+++ Records to process +++
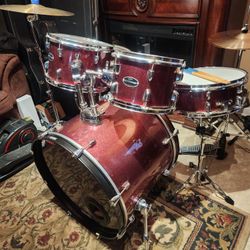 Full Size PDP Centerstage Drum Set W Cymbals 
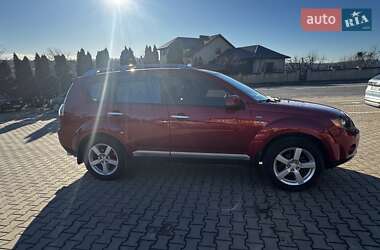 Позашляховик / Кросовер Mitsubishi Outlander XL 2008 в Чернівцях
+++
+++ Records to process +++
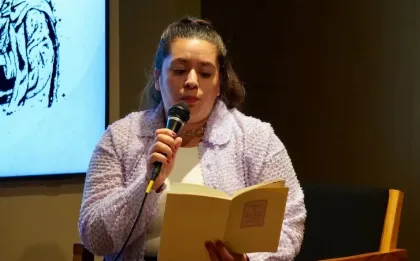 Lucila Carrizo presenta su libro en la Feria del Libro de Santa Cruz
+++
+++ Records to process +++
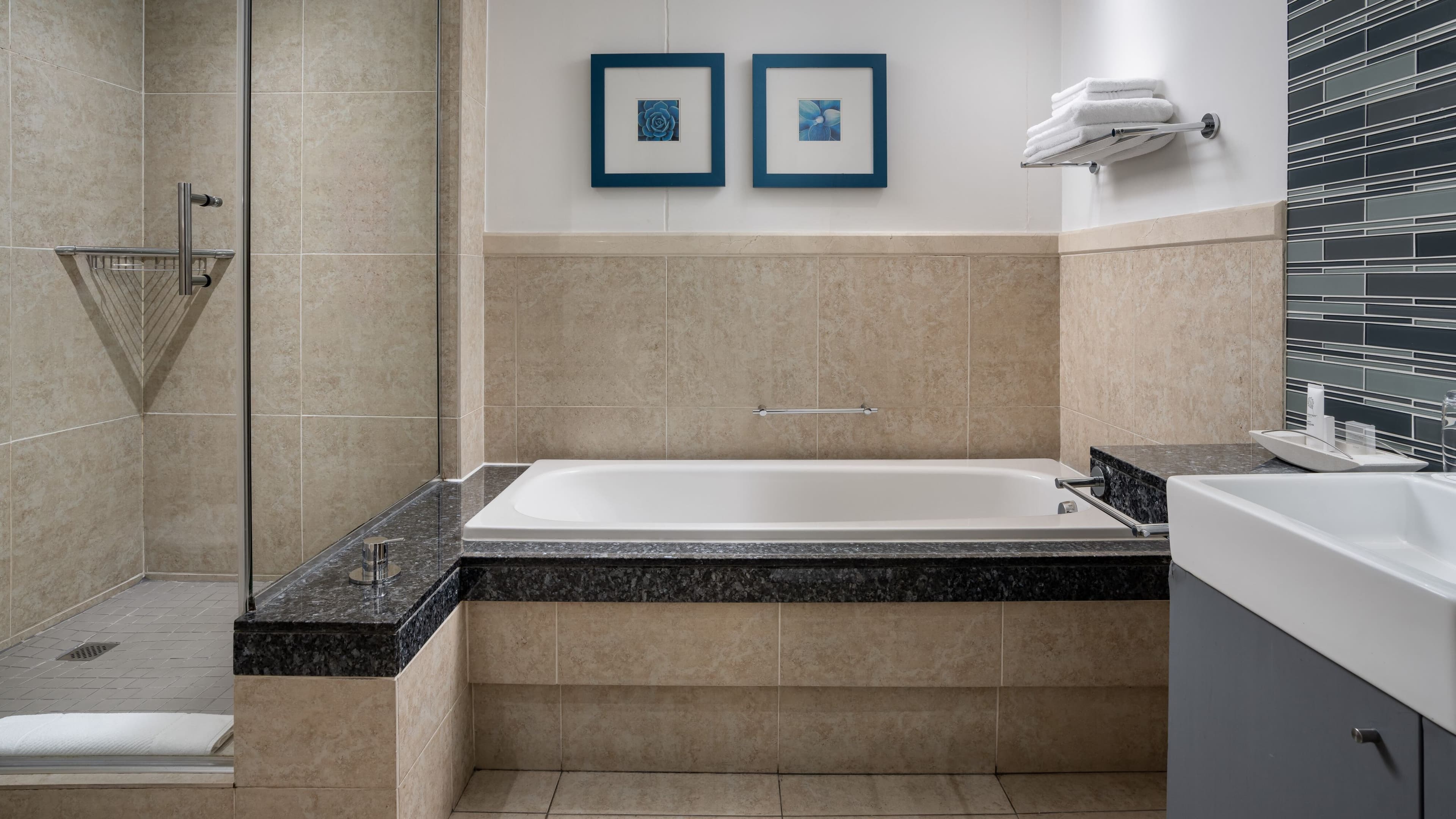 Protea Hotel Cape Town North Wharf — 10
+++
**Try it**
In the records above, find the line with "Full Size PDP" and the line with "Позашляховик / Кросовер", then restate word for word only those two lines and all lines between, omitting pictures.

**Result**
 Full Size PDP Centerstage Drum Set W Cymbals 
 Позашляховик / Кросовер Mitsubishi Outlander XL 2008 в Чернівцях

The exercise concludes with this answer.